(Short text fragments from websites)
--- START ---

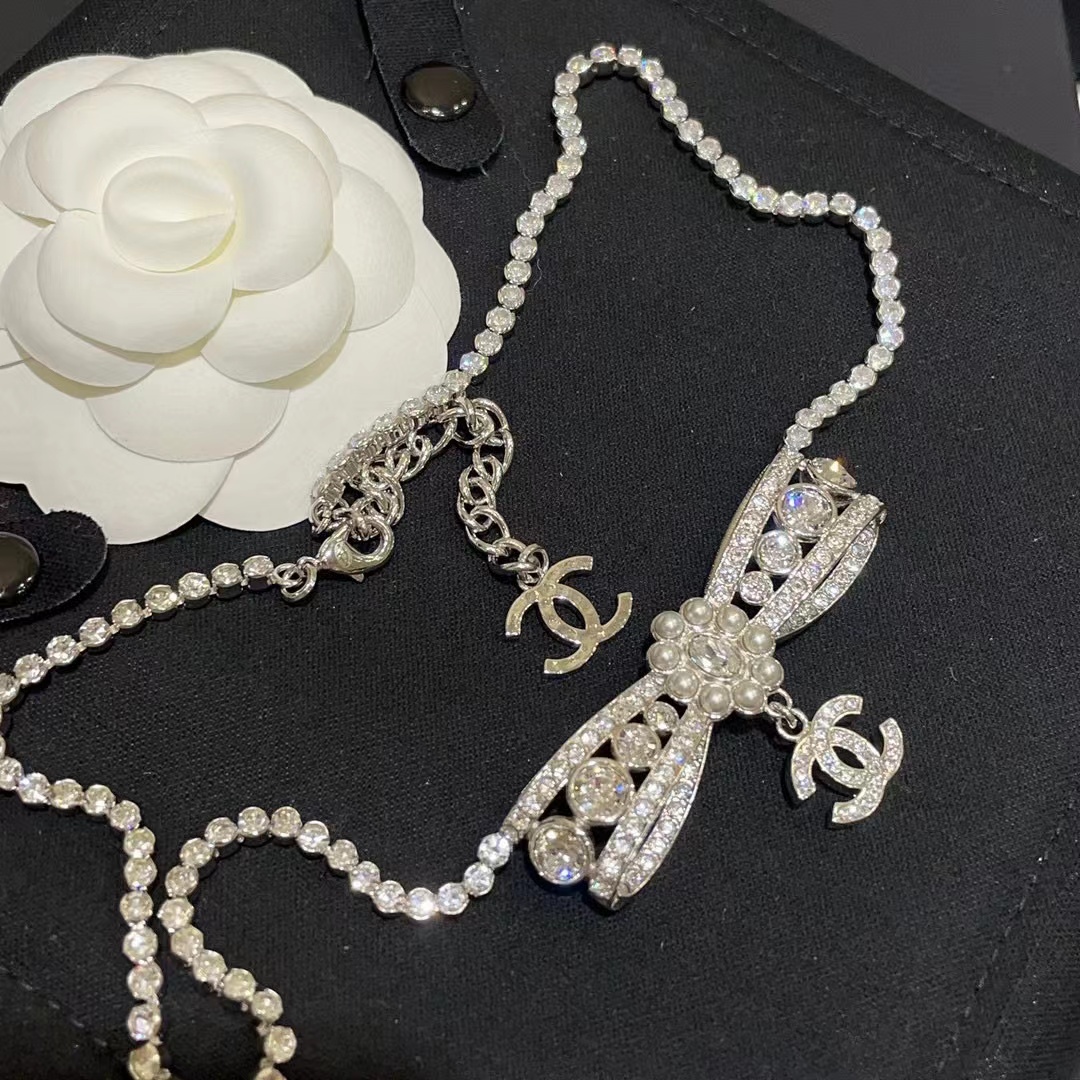 CHANE1 パール ダイヤモンド ネックレス【50％割引+送料無料】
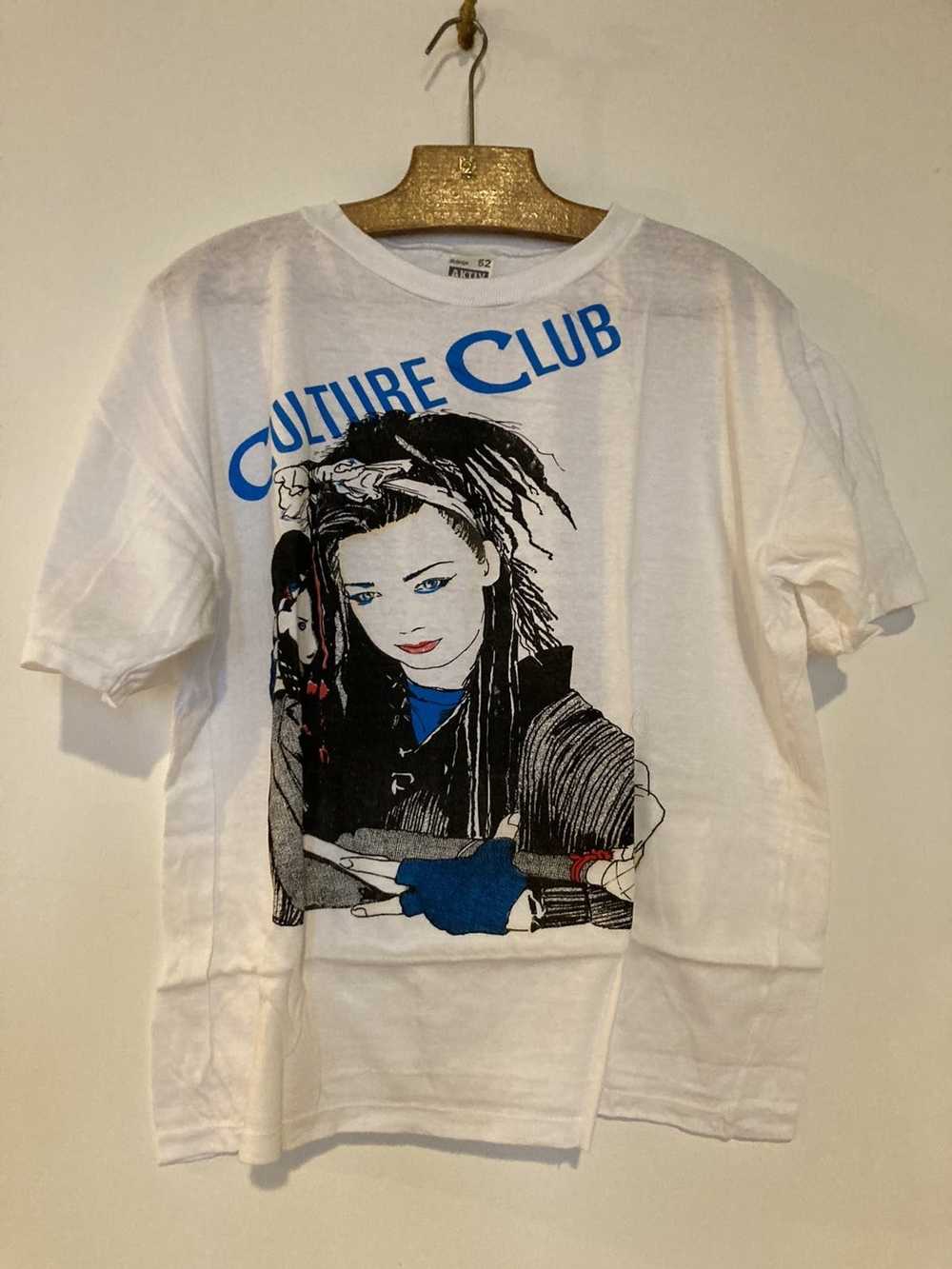 Band Tees × Vintage Vintage 80s shirt boy George … - image 1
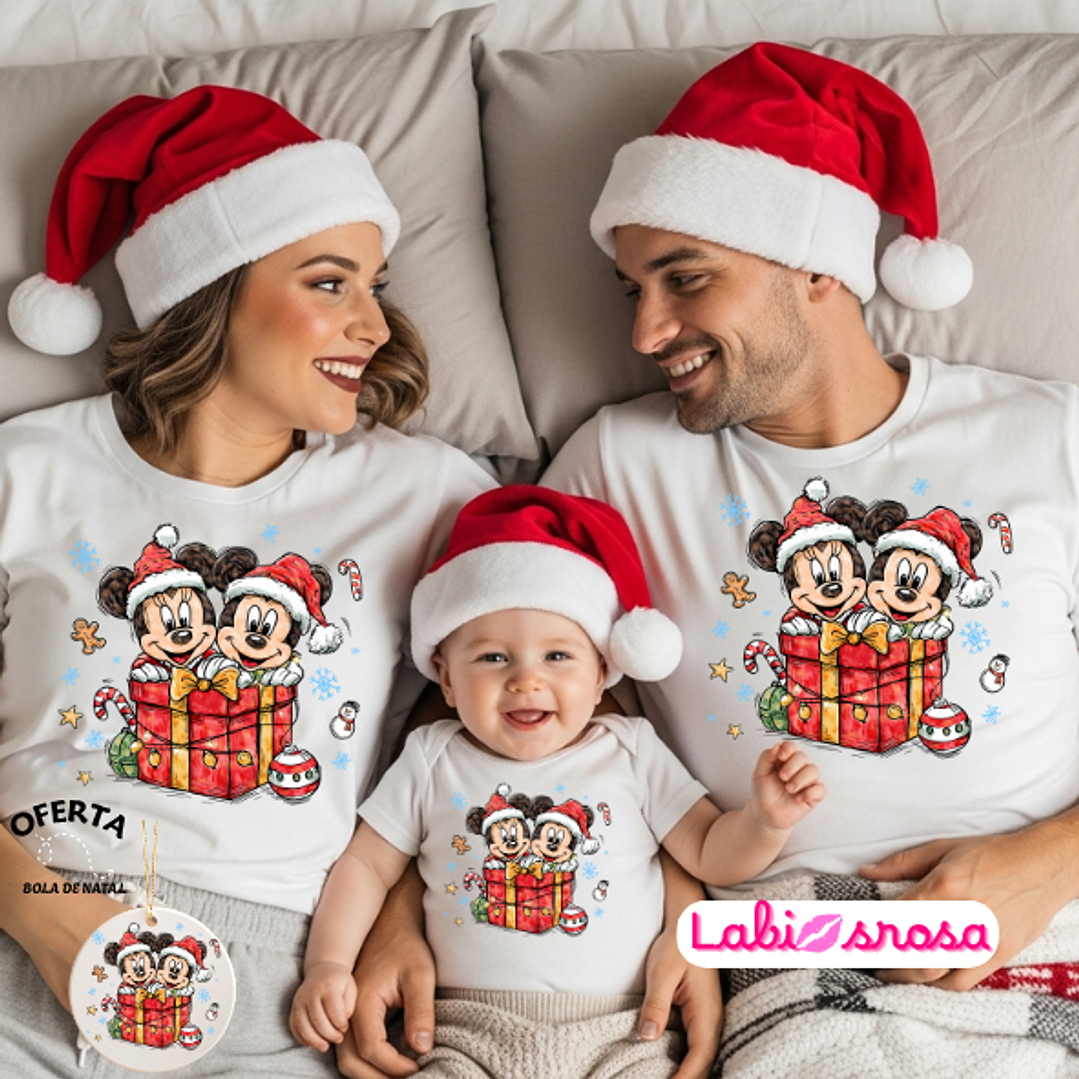 CAMISOLA NATAL PERSONALIZADA - ADULTO OU CRIANÇA 1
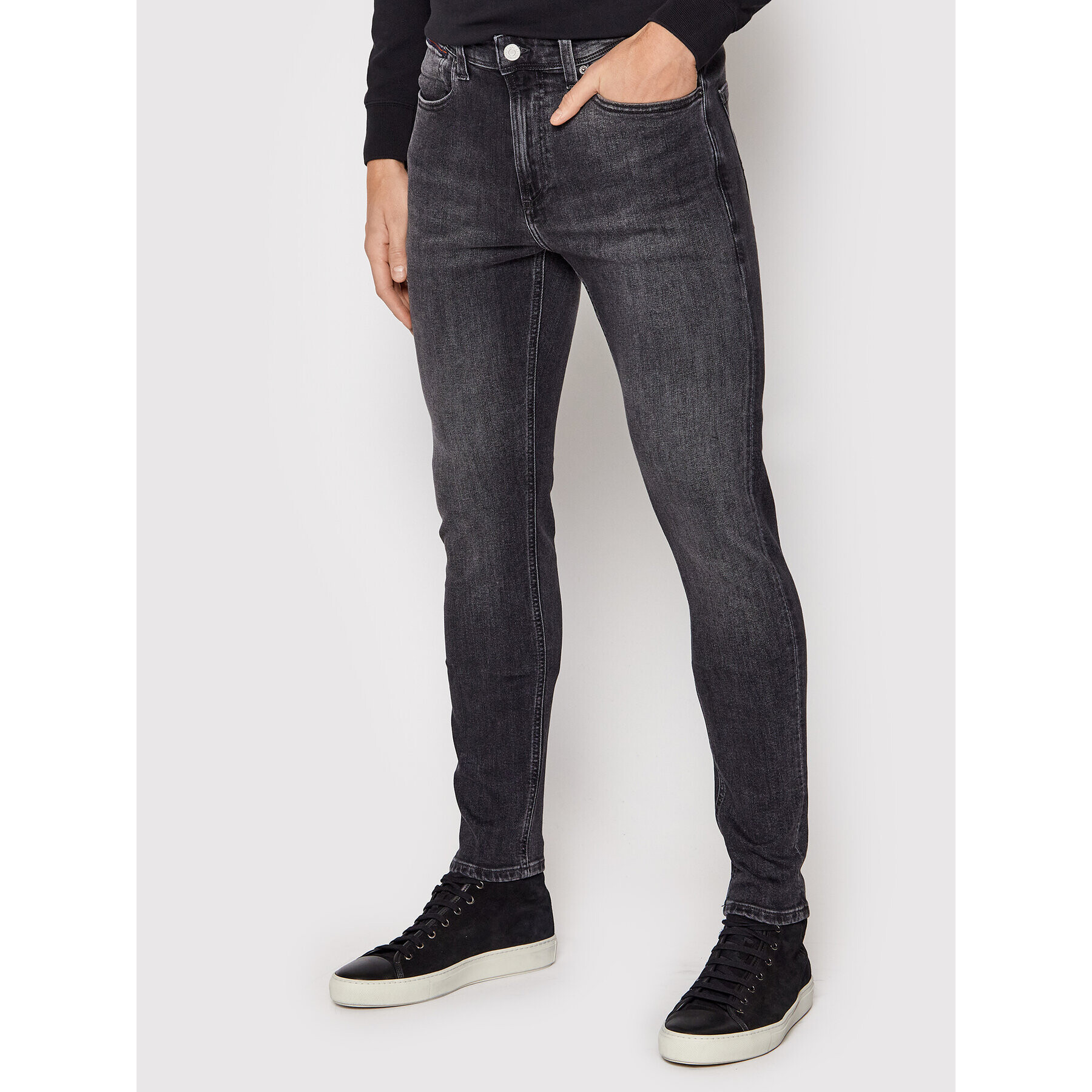 Tommy Jeans Blugi Miles DM0DM11560 Gri Skinny Fit - Pled.ro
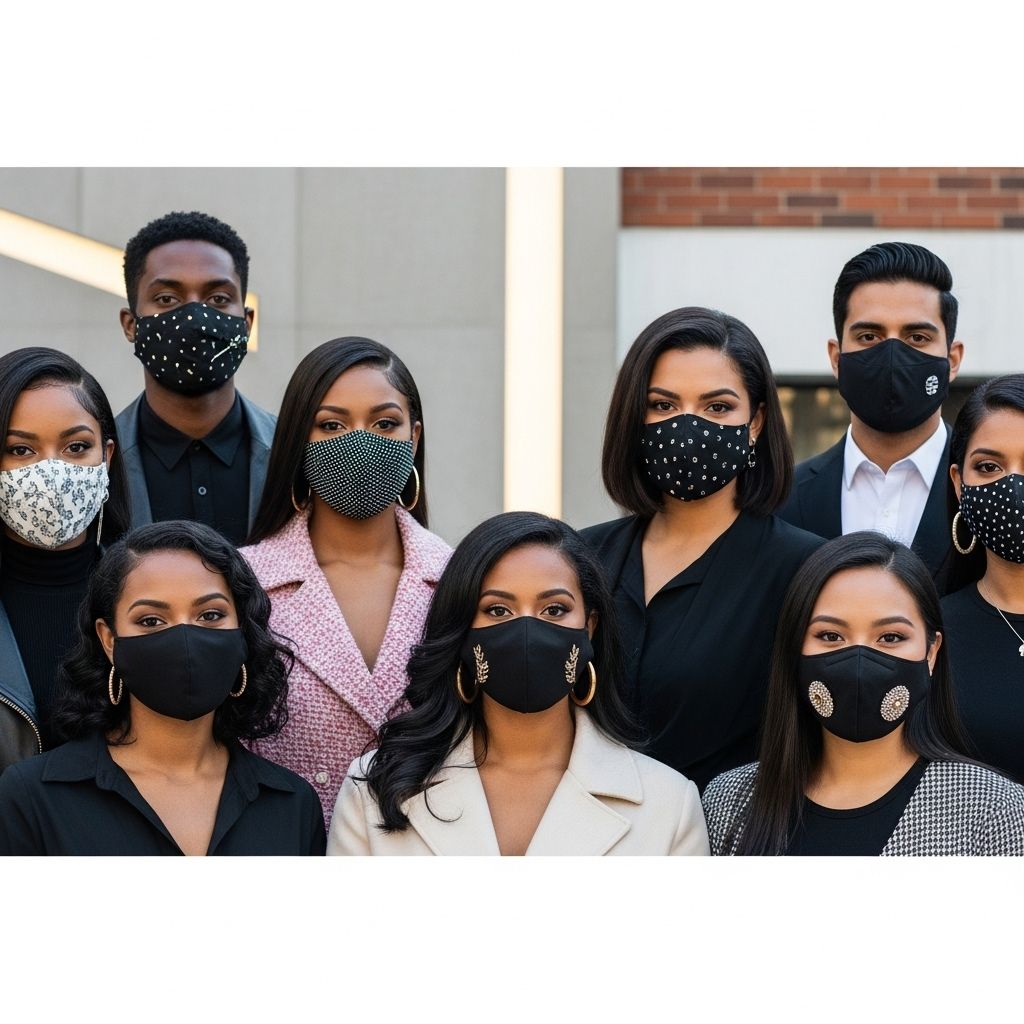 Discover and support Black-owned brands offering fashionable, functional, and diverse face masks for every style and skin tone.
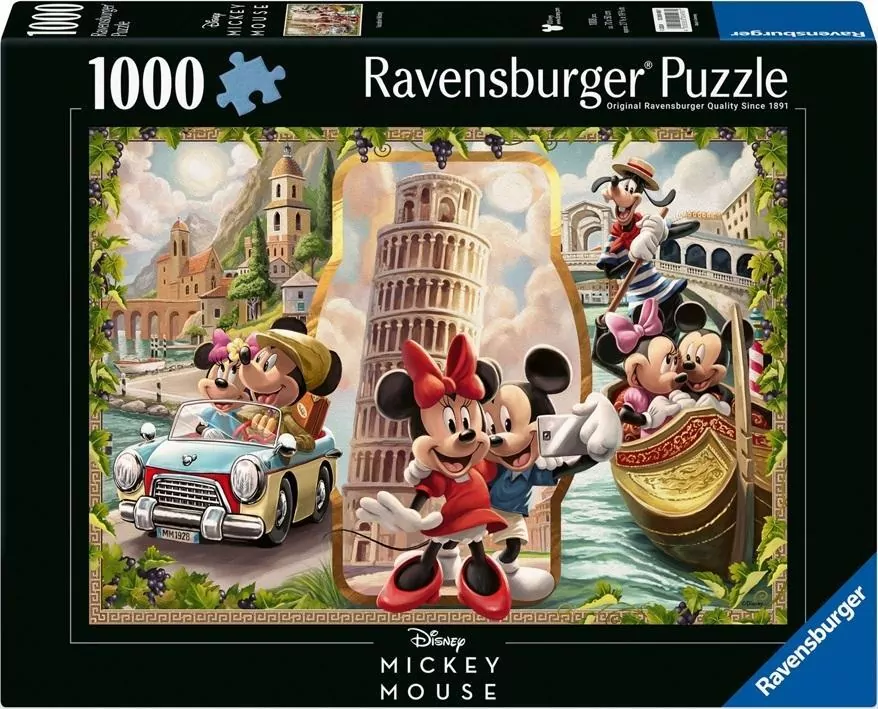 Puzzle 1000 Disney Classics Wakacje Miki i Mini - tantis.pl
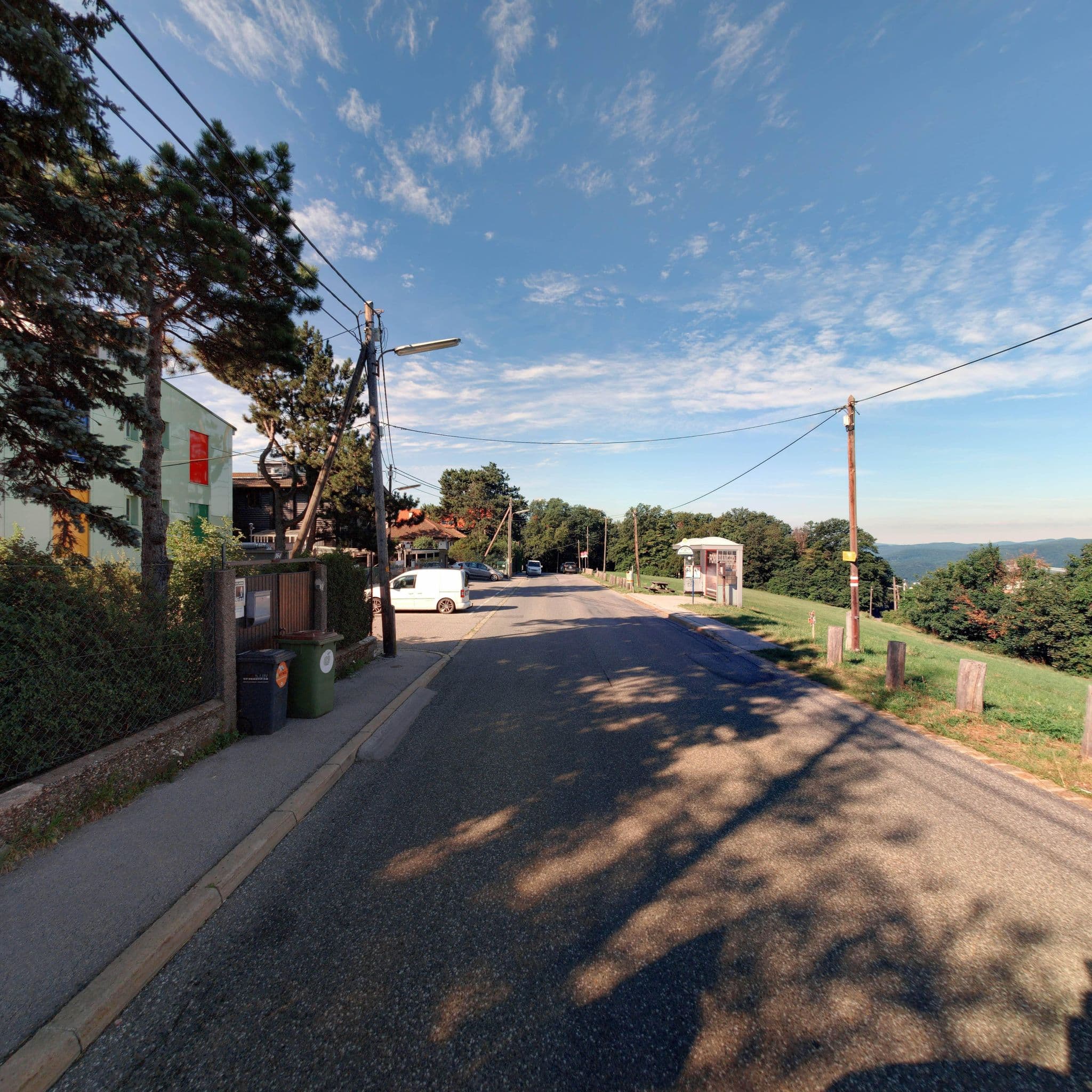 Street view near Berggasthof, Penzing — © eliasgander (CC BY-SA · Mapillary)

--- END ---

** Task details **
"Discover and support" marks the last line to keep. Retype every line from the start of the entries through that one, exactly, and drop the pictures.

** The completed task **
 CHANE1 パール ダイヤモンド ネックレス【50％割引+送料無料】
 Band Tees × Vintage Vintage 80s shirt boy George … - image 1
 CAMISOLA NATAL PERSONALIZADA - ADULTO OU CRIANÇA 1
 Tommy Jeans Blugi Miles DM0DM11560 Gri Skinny Fit - Pled.ro
 Discover and support Black-owned brands offering fashionable, functional, and diverse face masks for every style and skin tone.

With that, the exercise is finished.